[Dataset entries]
[Start of section]
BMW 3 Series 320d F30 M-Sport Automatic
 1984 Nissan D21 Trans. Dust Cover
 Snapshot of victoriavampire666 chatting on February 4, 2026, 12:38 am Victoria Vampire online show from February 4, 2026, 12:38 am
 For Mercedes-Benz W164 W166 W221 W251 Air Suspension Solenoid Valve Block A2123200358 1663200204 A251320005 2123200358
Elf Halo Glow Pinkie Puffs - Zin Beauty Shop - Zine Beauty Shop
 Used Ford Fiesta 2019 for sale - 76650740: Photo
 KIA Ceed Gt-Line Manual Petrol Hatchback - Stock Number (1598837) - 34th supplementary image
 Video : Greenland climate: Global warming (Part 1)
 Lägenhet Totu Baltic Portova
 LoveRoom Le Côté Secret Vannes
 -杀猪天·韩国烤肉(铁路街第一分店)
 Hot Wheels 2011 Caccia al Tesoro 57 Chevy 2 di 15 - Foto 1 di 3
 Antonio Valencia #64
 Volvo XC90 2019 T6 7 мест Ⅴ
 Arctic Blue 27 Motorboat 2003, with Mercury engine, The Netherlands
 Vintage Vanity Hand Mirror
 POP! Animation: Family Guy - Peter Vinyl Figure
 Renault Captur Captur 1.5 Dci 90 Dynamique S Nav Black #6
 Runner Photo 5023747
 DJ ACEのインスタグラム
[End of section]
TASK PROMPT -
In the entries above, find each line with the word "Photo" and copy it.

RESPONSE AREA -
 Used Ford Fiesta 2019 for sale - 76650740: Photo
 Runner Photo 5023747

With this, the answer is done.